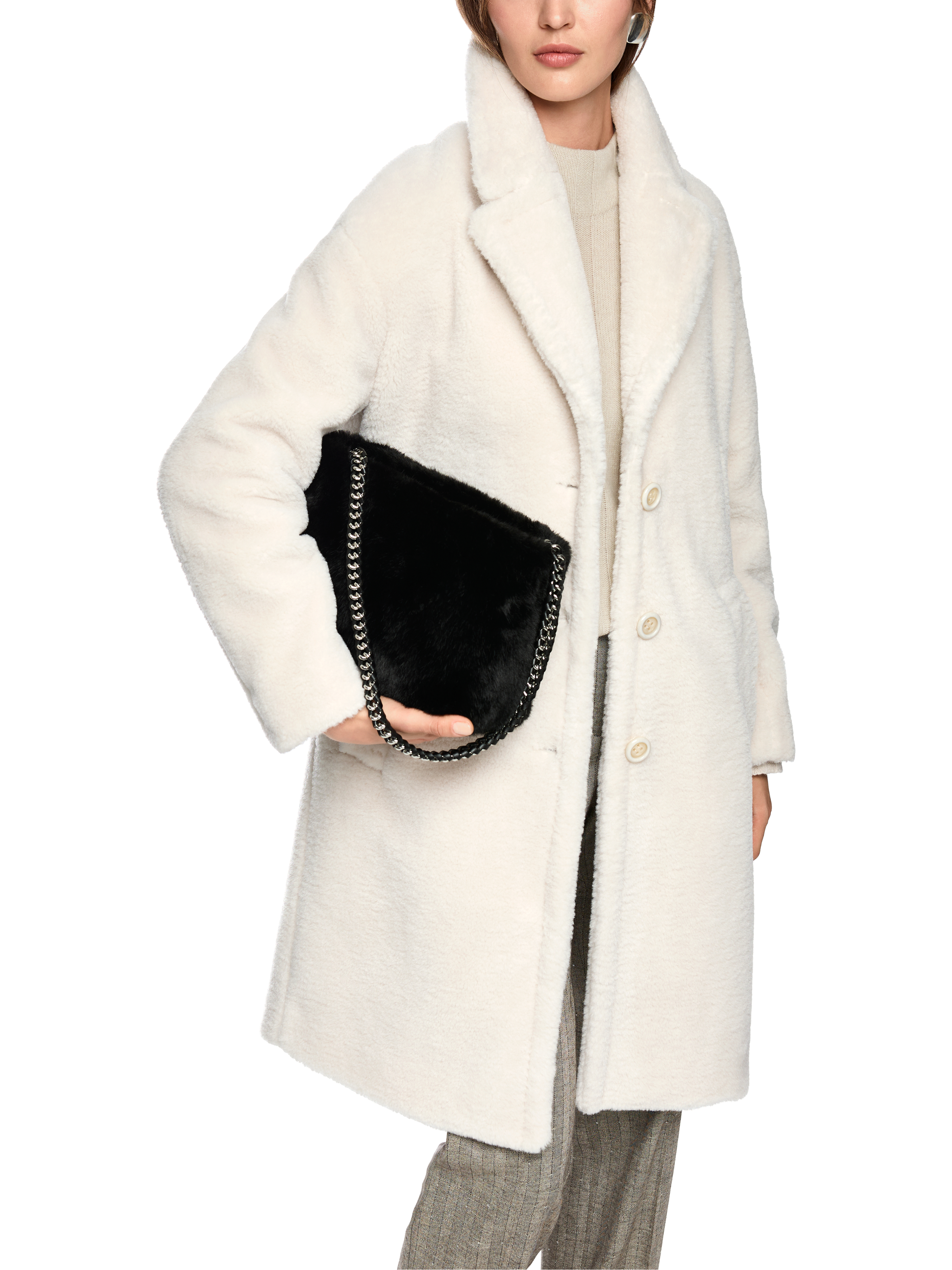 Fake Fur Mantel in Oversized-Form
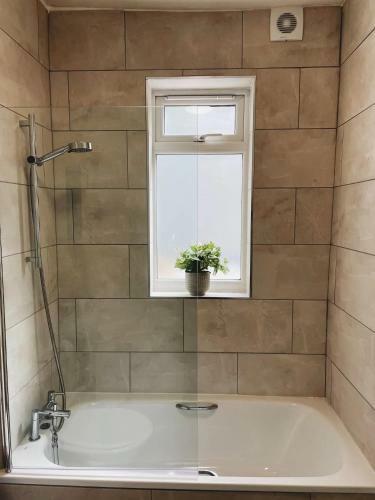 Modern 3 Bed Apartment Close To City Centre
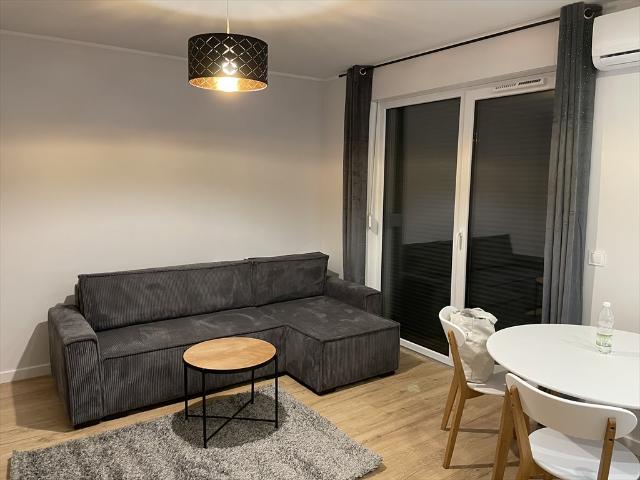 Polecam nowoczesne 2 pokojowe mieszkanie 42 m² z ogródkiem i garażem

———

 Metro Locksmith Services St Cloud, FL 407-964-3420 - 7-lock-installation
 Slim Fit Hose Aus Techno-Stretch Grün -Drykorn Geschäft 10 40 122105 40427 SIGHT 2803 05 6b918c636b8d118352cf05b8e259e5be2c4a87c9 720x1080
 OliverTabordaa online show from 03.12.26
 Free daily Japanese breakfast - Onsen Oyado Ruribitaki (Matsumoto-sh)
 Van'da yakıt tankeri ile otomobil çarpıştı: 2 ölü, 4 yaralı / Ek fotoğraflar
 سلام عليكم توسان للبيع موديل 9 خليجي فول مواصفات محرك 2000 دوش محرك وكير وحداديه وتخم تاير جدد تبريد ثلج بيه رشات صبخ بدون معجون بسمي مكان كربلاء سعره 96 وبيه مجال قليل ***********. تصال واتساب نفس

———

* What you need to do
Nothing but the lines from the one containing "Fake Fur Mantel in Oversized-Form" through the one containing "Polecam nowoczesne 2" should appear, copied exactly from the material above and without pictures.

* Result below
 Fake Fur Mantel in Oversized-Form
 Modern 3 Bed Apartment Close To City Centre
 Polecam nowoczesne 2 pokojowe mieszkanie 42 m² z ogródkiem i garażem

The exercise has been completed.